Böylesine sevilecek bu dünya
"Yaşadım" diyebilmen için...
Nazım HiKMET.
Edit: serbest nazım bu canına okumuş sözlük şiirin.
Daha 30'a gelmeden tarifi imkansız hissedilen duygu seli. Gerçi 15 yaşımdan beri bu hisle yaşadım. Tepelere tırmanırken yılmadım ama artık fena düştüm. Düşlerim, hayallerim ve ideallerin kırıldı, paramparça oldu. Artık dönemsel değil sonsuz bir depresyondayım. Artık uyumak istiyorum ama sabaha değin değil sonsuza dek gözlerimi açmadan. Korkularımı, yorgunluklarımı, yaşadıklarımı ve yaşayacakları silmek için artık yok olmak istiyorum hiçbir anı ve hatıra bırakmadan. Fakat yapamıyorum. Dualar kabul olursa diye ediyorum fakat tanrı bu. Kızıp acı da çektirebilir bilemiyorum.
sahte ve yalancı insanlara ayak uyduramamak, onlar gibi olamamak ya da olmaya çalışıp tökezlemek, dünya için fazla iyi olmak akabinde gerçekleşir. iyilik diye yaptığınız enayilik diye işleme alınır.

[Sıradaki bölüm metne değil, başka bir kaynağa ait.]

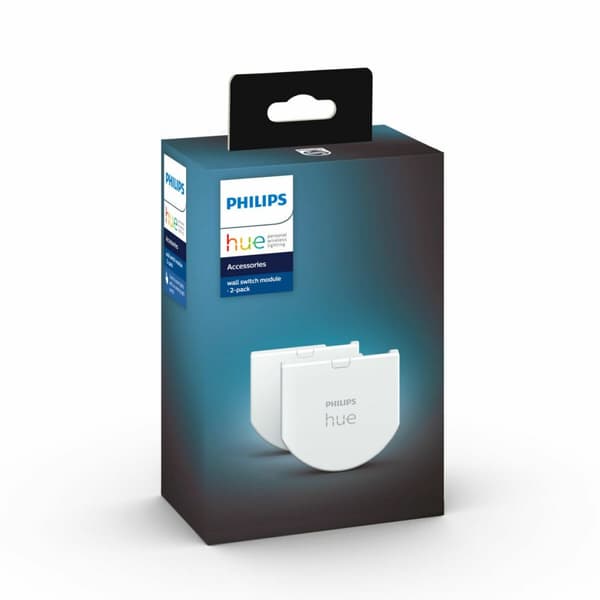 Smart strömbrytare Philips Philips Hue IP20 (2 antal)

her ne Hayal etmişseniz işte dünya ve insanlar sandığınız gibi bir yer değildir. açıkçası dünya ve insanlar abarttığımız kadar önemli bir yer değildir.
Yalnız biz bunu en başından beri bile bile yine de kendimizi tutunacak bir dal Bir insan bir sebep bir eşya Arar dururuz. Aslında hayata tutunma çabasıdır bu. hayatı sevmenin tek yolu budur :onun çabalamaya değer olduğuna inanmak. Halbuki hafızalardan bir gün tamamen silineceksen neden hayatı Bu kadar ciddiye alasın ki?
Hayat yaşamaya değer ama bazı negatif olguları pozitif olgulara baskın getirdiği için insanlar yaşamak istemezler. Aslında iyi anılarınızı düşünürseniz kötü yaşantıları bertaraf edecektir bünye. Bunu beyninize indekslemeniz gerekir. Sonrası iyileşme evresi tabiki.
Bir his bir istek. Bu halde sizin yapacağınız en iyi şey şu. Sizi bu hale sokan kimlerse önce onları yok edin. Sonra kendinize ne yaparsanız sorun olmaz.
depresyon halinin size getirdiği düşünceler yığınıdır. ama sadece bir zaman için gelen, sonra giden bir düşünce , bir his olması kuvvetle muhtemeldir. yoksa her gün bir intihar vakası görebilir, duyabilirdik. gerçi olmuyor değil ama, olmasın tabii hiç.
ben bu hayatın üstesinden gelemiyorum, yapamıyorum, yaşayamıyorum, beceremiyorum açıkçası ve kısacası, neden ulan neden olmuyor işte. neden ben yani. burası, bu yaşam bana göre değil. burada başarılı değilim. nefes alıp vermek, bir işkence hali gibi geliyor artık. bana bir ceza olduğunu düşünüyorum, yaşamanın. gibi gibi düşünceler, şeytanın aklınıza soktuğu düşüncelerdir. eğer fiziksel bir hastalığınız yoksa, sadece depresyonel bir sıkıntınız varsa; nefes alıp vermek, bir işkence hali gibi geliyor demek, saçma sapan sapıkça düşüncelere kendini kaptırmaktan başka bir şey değildir. inancınız ne olduğu hiç önemli değil aslında ve ne olduğunu bilemem ama, hayattan zevk almak için, kendinizi şeytana oyuncak ettirmeyin. yaşayarak cesur olun, yaşayarak korkmayın, direnerek mutlu olun. vazgeçmeyin.